The Catholic Church remains firmly opposed to aid-in-dying, as do many organizations that represent people with disabilities.

Oregon the model

Most state measures are modeled on Oregon’s law, which outlines steps for patients who want assistance in death: The person must be a state resident, at least 18 years old, still able to communicate, and diagnosed with a terminal illness with a prognosis of six months or less.

Patients must make two separate oral and one written request to their physician. The prescribing physician and a consulting physician must confirm the diagnosis and prognosis and determine whether the patient is capable of making a decision and isn’t impaired by a mental disorder. And the prescribing physician must inform the patient of feasible alternatives to medical aid-in-dying, including hospice care and pain control.

Oregon closely tracks how the law is used. Since the measure took effect in 1997, 1,967 people have received prescriptions under the law, and 1,275 have ingested the medication. Oregon data shows the median age for people who took this option in 2017 was 74.

Byock said he believes doctors who provide aid-in-dying are violating the most sacred stricture in medicine. He also believes that in most cases, it is possible to provide pain relief to dying patients and that the real problem is that quality palliative care is not universally available or embraced by the medical profession.

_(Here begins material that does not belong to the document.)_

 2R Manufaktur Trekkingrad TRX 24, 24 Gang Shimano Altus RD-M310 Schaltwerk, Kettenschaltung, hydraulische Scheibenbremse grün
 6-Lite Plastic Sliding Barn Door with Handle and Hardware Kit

Byock also points out that the biggest concern of Oregon patients who used the law was not escape from pain, but their decreasing ability to enjoy their lives, loss of autonomy and loss of dignity, according to an Oregon report on its use. “Plenty of other people face those same conditions,” said Byock, including those with severe arthritis, depression or failing eyesight. “Once we go down this road, it’s a slippery slope.”

In Oregon, however, patients didn’t turn to aid-in-dying because they couldn’t get end-of-life services. About 90 percent were enrolled in hospice at the time of death, according to the most recent state data, published this year.

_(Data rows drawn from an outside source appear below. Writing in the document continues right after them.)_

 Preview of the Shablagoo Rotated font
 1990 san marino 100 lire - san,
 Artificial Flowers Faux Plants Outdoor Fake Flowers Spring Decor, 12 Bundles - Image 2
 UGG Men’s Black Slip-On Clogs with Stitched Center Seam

Byock acknowledges palliative care can’t always take away pain. It didn’t for T.J. Baudanza Jr., a onetime marketing manager who in 2015 died of colon cancer at age 32 in New Seabury, Mass. “T.J. died the way he feared he would,” said Amanda Baudanza, his widow, in an interview. “He suffered a prolonged, painful death because Massachusetts denied him the option of medical aid-in-dying.” He was in hospice in the last portion of his life.

T.J. had been a big supporter of an aid-in-dying referendum that narrowly missed passage in Massachusetts in 2012, not long after his diagnosis. Now Amanda is championing aid-in-dying in the state legislature.

“I’m Catholic, and so was T.J.,” Baudanza said, “but he and I both believed that God wouldn’t want anyone to suffer needlessly.”

In New Jersey, Susan Boyce says her lungs are doing well enough that she believes her death is still off in the distance. She doesn’t know whether she actually would take medicine that would end her life. But she knows one thing: “I want the option.”

Ollove is a reporter for Stateline, an initiative of the Pew Charitable Trusts.